Le Protocole, en son article 13 sur les droits économiques et la protection sociale alinéa e, appelle les Etats à « créer les conditions pour promouvoir et soutenir les métiers et activités économiques des femmes, en particulier dans le secteur informel. » Si on regarde par exemple le secteur agricole africain qui, de nos jours, constitue une part substantielle du PIB de plusieurs pays (33% pour le Cameroun et 45% pour le Nigéria), on se rend à l’évidence que les femmes en majorité rurales, représentent près de 70% de la force de travail. (8) Or, comme le constatait Koffi Annan, elles « …reçoivent peu ou prou le soutien des gouvernements. » et parfois ont un accès très difficile à la terre. L’article 15 du Protocole sur la sécurité alimentaire apporte cependant du sang neuf en indiquant que les Etats «doivent assurer aux femmes l'accès à l'eau potable, aux sources d'énergie domestique, à la terre et aux moyens de production alimentaire. » En effet les femmes ont un rôle de pierre angulaire à jouer pour ce qui est de la révolution verte africaine, tremplin pour la garantie de la sécurité alimentaire.

ACCES EQUITABLE A L’EDUCATION ET DROIT A LA PROTECTION EN TOUTES CIRCONSTANCES

L’une des innovations du Protocole de Maputo est à notre sens l’emphase qu’il met sur l’éducation en son article 12. Un accès équitable et non discriminatoire est recommandé. Condorcet s’écriait en 1787 qu’« il n’y a entre les deux sexes aucune différence qui ne soit l’ouvrage de l’éducation ». La femme africaine a besoin de formation et cette « formation dont on parle est d’abord celle donnée par l’enseignement de base, ayant cessé de prédéterminer ou de limiter les options d’emplois d’une manière différente pour les filles et les garçons, ensuite la formation continue. » (9)

Par ailleurs, ce Protocole n’oublie pas la femme dans la diversité de son statut ou des situations dans lesquelles elle peut se trouver. Tant la femme dans les conflits armés (article 11), la veuve (article 20), les femmes âgées (article 22), les handicapées (article 23), que celles qui sont en situation de détresse (article 24) ont besoin d’une protection. Toute femme en Afrique doit être à l’abri des pratiques néfastes. Dans un contexte ou foisonnent l’excision, les conflits armés, etc., le Protocole constitue un parapluie pour l’ensemble de la gent féminine africaine.

CONCLUSION

Le Protocole de Maputo, texte spécifique, qui traite directement des droits des femmes africaines est incontestablement un progrès vers le firmament de la libération de celles-ci. Et on peut clamer avec Stendhal que : « L’admission de la femme à l’égalité parfaite serait la marque la plus sûre de la civilisation. Elle doublerait les forces intellectuelles du genre humain et ses chances de bonheur. » (10) Cependant nous croyons et pensons que cela ne sera possible que si un travail de sensibilisation intense et d’éducation est effectuée pour que les populations africaines s’en approprient afin de se débarrasser des préjugés séculaires au sujet de la femme.
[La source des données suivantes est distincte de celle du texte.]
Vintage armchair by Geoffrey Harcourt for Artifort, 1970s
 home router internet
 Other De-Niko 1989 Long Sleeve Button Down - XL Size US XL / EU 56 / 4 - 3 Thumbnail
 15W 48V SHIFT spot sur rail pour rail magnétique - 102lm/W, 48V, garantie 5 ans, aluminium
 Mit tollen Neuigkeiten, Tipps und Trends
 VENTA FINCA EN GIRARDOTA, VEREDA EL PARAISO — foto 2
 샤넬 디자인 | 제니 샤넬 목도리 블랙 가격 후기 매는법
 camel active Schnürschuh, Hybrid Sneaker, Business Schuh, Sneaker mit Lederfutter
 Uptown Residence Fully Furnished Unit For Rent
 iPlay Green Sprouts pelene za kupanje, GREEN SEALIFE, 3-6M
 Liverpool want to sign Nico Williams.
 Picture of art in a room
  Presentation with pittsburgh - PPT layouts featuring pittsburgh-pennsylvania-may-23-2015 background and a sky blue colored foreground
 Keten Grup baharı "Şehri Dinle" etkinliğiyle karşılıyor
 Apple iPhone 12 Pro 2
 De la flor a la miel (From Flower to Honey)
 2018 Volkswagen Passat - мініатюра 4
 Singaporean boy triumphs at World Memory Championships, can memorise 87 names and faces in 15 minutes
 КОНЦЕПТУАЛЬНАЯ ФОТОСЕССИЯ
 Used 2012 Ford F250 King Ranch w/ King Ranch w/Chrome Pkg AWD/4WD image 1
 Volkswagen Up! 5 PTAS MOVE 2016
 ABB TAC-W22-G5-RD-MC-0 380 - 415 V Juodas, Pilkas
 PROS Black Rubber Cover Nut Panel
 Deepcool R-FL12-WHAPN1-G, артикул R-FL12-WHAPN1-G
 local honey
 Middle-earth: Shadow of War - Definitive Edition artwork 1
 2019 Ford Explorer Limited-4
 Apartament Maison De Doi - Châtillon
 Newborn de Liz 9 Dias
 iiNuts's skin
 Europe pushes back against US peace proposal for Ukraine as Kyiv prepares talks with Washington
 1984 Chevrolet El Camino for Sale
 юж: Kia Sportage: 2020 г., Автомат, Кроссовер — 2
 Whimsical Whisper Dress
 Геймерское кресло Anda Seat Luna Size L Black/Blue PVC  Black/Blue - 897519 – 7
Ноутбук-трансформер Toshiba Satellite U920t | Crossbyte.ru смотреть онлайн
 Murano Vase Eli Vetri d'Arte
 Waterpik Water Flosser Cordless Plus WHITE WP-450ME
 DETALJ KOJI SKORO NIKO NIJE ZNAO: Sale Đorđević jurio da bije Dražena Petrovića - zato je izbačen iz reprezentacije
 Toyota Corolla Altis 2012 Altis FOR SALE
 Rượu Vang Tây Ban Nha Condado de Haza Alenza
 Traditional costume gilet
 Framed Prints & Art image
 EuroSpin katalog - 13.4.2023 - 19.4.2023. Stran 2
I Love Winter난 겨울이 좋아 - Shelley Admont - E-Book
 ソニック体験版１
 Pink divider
Une réelle mise en œuvre sortira de terre si les Etats s’engagent dans la logique des budgets sexospécifiques comme le recommande l’article 26 du Protocole. Car des retombées concrètes doivent être prévues pour les femmes dans les budgets. Et comme le remarquait la députée sud-africaine Pregs Govender, « Si vous voulez connaître la direction que prend un pays, vous n’avez qu’à étudier son budget et la place qu’il accorde aux femmes et aux enfants .» (11) Le Protocole de Maputo légitime le combat des femmes au sein des Etats. L’avenir dépend incontestablement de cette légitimation. Une réelle osmose et symbiose entre l’homme et la femme est désormais nécessaire pour une culture de la paix et de la stabilité sur le Continent.

Bibliographie
- Malado Dembele, « Afrique :la terre à celles qui la cultivent. », Syfia Presse, n°28, 2003/05
- Institut Internationale des sciences administratives, La place de la femme dans la vie publique et dans la prise de décision, Harmattan, Paris,1997
- Cahier Genre et Développement, Genre :un outil nécessaire, n°1, 2000, Harmattan.
- Michael Fleshman, «Des budgets en quête d’équité entre les sexes», Afrique relance, Volume 16, page 4,
- "Femmes, histoire des." Microsoft® Encarta® 2009 [DVD]. Microsoft Corporation, 2008.
- Le Protocole de Maputo.

NOTES
) Le Journal du Cameroun, quotidien en ligne camerounais mentionne ainsi les marches qui ont été organisées par le Cardinal Christian Tumi avec plusieurs de ses ouailles pour dénoncer ce protocole et principalement son article 14 qui selon eux légitime l’avortement ou l’assassinat des enfants. On peut aussi mentionner dans ce cas l’ensemble des remous qui ont été créés au Mali dans le même ordre d’idée.
2) Diffo Tchunkam Justine est universitaire et fervente militante des droits humains.
3) Cette expression d’hégémonie masculine a été évoqué pour la toute première fois par l’américain W. Connell.
4) Dans la Rome Antique, la faiblesse de la femme selon le législateur grec légitimait son incapacité juridique
5) Pour le Cameroun, on remarque une représentation pas très significative de la femme dans les sphères de prise décision selon la Commission Nationale des droits de l’homme et des libertés. Au parlement, sur 180 députés, on a 25 femmes seulement et dans le gouvernement, on compte 5 femmes.
6) Depuis 2009, le Rwanda compte plus de femmes que d’hommes dans son parlement.
7) Caroline Noser, « Planification selon le genre dans le Tiers-Monde :comment satisfaire les besoins pratiques et stratégiques selon le genre. » in Cahier Genre et Développement, N01, 2000, Harmattan.
8) Malado Dembele, « Afrique :la terre à celles qui la cultivent. », Syfia Presse, n°28, 2003/05, P. 14-15).
9) Institut Internationale des sciences administratives, La place de la femme dans la vie publique et dans la prise de décision, Harmattan, Paris,1997 P 11.
10) Idem.
11) Michael Fleshman, «Des budgets en quête d’équité entre les sexes», Afrique relance, Volume 16, page 4.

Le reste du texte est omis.